Marion was forcing herself to slow down and speak clearly, pale with the effort. Robin felt a tenderness toward her, even though Marion had been entirely unfair to her. There was a kind of triumph in that, too, in being strong enough and independent enough to feel charitable. She had idolized Marion once, and wanted to emulate her. Now she saw Marion through Ginsburg's eyes, and she looked fussy and nervous. Robin had never detected in her what Ginsburg could smell a mile off; she had never understood Marion's fear.
How much more dramatic then, how stunning when Marion came to her new results on metastasis. Suddenly, as she unveiled her new data, she cast all her uncertainty off. Now Ginsburg sat up and listened, and the conference room hushed. All the researchers in the room seemed to draw closer. And now Marion's quiet voice grew stronger; her detailed disquisition resolved itself into three main points. She was not charismatic, but her ideas were. And when she launched her propositions, she was the archer, shooting arrows into the audience; each of her statements incisive, brilliant, and characteristically self-critical.

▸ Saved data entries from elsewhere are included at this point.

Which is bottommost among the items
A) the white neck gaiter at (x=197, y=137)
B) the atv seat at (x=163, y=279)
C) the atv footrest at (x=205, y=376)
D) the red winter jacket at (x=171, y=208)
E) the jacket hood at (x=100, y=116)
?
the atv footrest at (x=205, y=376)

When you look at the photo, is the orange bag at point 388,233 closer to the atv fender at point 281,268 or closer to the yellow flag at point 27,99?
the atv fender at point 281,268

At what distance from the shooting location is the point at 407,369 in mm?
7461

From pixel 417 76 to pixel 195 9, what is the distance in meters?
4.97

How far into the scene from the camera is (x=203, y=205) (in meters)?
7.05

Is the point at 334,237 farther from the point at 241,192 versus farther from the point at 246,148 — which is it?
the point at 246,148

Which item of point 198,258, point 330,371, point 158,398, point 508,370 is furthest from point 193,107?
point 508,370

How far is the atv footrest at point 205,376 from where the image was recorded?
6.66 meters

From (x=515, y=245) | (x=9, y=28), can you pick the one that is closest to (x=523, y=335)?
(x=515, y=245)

Ten hands flew up as soon as Marion finished speaking. A hundred questions seemed to fill the air, Ginsburg's among them. Robin was jotting down a small query of her own. She was so absorbed, her hand shot up in front of everyone.

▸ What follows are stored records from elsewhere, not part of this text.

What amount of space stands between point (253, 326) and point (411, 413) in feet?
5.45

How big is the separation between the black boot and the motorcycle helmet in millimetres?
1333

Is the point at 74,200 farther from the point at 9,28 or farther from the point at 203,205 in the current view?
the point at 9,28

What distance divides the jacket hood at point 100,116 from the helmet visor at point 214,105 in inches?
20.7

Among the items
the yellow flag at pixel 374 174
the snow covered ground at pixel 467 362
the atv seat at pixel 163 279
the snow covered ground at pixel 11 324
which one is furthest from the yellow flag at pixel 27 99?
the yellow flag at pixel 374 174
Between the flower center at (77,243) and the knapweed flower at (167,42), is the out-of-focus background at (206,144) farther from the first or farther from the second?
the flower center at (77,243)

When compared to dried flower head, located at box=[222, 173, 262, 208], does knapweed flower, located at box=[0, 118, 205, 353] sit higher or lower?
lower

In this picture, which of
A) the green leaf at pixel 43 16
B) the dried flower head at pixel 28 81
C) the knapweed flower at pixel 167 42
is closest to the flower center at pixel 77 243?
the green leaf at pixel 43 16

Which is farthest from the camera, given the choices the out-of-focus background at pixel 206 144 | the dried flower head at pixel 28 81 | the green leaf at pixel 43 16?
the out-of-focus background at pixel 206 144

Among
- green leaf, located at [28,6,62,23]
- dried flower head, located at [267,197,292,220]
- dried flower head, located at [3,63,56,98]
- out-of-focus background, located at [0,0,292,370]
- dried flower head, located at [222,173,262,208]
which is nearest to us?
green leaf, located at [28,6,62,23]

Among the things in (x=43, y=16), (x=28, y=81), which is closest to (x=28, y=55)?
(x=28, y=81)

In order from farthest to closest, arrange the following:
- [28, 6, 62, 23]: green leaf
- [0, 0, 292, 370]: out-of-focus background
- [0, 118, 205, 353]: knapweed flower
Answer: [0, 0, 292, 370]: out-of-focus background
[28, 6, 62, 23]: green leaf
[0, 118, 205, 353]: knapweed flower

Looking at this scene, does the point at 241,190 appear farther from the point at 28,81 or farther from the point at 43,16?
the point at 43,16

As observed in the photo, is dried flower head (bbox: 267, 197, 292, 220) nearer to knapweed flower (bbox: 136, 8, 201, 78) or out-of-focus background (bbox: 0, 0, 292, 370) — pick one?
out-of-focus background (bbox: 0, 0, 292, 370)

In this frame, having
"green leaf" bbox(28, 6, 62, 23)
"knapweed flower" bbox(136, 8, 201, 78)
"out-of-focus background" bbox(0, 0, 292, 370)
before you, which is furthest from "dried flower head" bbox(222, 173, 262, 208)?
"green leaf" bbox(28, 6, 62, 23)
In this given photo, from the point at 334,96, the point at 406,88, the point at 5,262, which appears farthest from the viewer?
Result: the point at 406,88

And Marion viewed her audience with some satisfaction, although she did not forget the poor beginning she'd made in the first half of her presentation. She glanced at the raised hands and enjoyed the interest in her work, although she still begrudged the lost days she'd spent traveling. She took a sip of water and watched Ginsburg scribbling furiously, and then gazed at her former postdoc, her rebellious child with her hand raised. What do you need now? Marion asked herself. Strange, she'd never posed the question that way before. She'd always considered what her postdoc demanded, what she did or did not deserve. What did she need? That was the puzzle, but as was so often the case, framing the question properly went a long way. What did she need? In that calm, clear, nearly joyous moment after her talk, the answer began to come to Marion. Ah, yes, of course, she thought with some surprise. And she called on Robin.